April 17 (Bloomberg) -- Residential and commercial rents in Abu Dhabi are expected to drop further as homes and offices are built four years after the credit crisis roiled the United Arab Emirates’ real estate market, according to CBRE Group Inc.
“The impact of sustained growth in overall housing stock is reflected in the continued decline of lease rates and reduced tenant loyalty amidst abundant and more affordable options,” Matthew Green, the Los Angeles-based broker’s head of U.A.E. research, wrote in a report today.
Home rents fell about 3 percent on average in the first-quarter compared with the previous three months and 17,000 new homes are expected to be completed this year, according to the report. Office vacancies are set to climb from a record high of nearly 35 percent as concern about slower economic growth prompts companies to cut costs and halt expansion.
Abu Dhabi’s government is trying to revive a market where properties lost half their values after the global credit crisis ended a speculator-driven boom. The government required all its employees to live in Abu Dhabi to qualify for a housing allowance that often comprises a large portion of workers’ pay. Thousands of workers live in Dubai to take advantage of lower rents.
Home sales are mostly being driven by occupiers and there are “very low levels of investment activity,” Green wrote. Average prices have stagnated at 9,150 dirhams ($2,500) to 13,500 dirhams a square-meter and many owners are “simply unwilling to drop any lower, even if it means holding units indefinitely,” Green wrote.
Prime office rents within Abu Dhabi’s premium developments have remained flat at 1,600 dirhams to 1,900 dirhams a square meter per year. Rates are often coupled with incentives that can include two months of free rent a year on five-year leases, the report said.
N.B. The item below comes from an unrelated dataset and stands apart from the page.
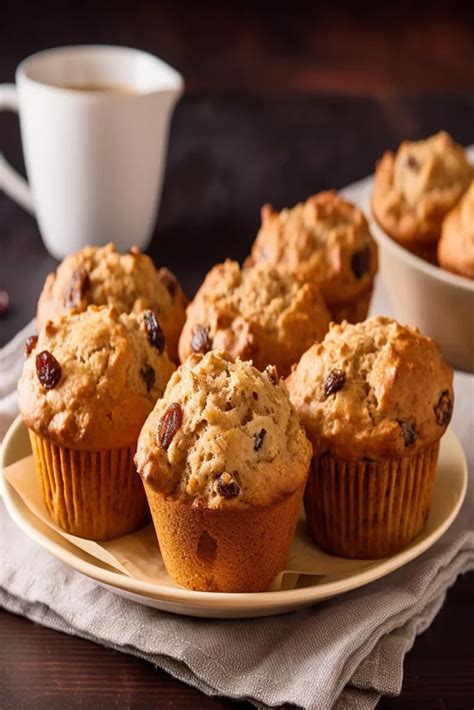 Kellogg's Raisin Bran Muffins Recipe - Easy Kitchen Guide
Offices in secondary locations, meanwhile, are seeing “significant rental deflation” with a drop of around 3 percent over the previous quarter. Rents range from 675 dirhams to 1,250 dirhams a square meter per year, the report said.
“We are beginning to see the first signs of renewed interest in office space” from companies based in the U.S. and Europe and transactions may pick up over the longer term, Green wrote.
Yesterday, Arabtec Holding PJSC, the U.A.E’s biggest construction company in which Abu Dhabi’s state-controlled Aabar Investments bought a 21.6 percent stake, signed a 10-year lease in the 59-floor office tower in Abu Dhabi’s World Trade Center.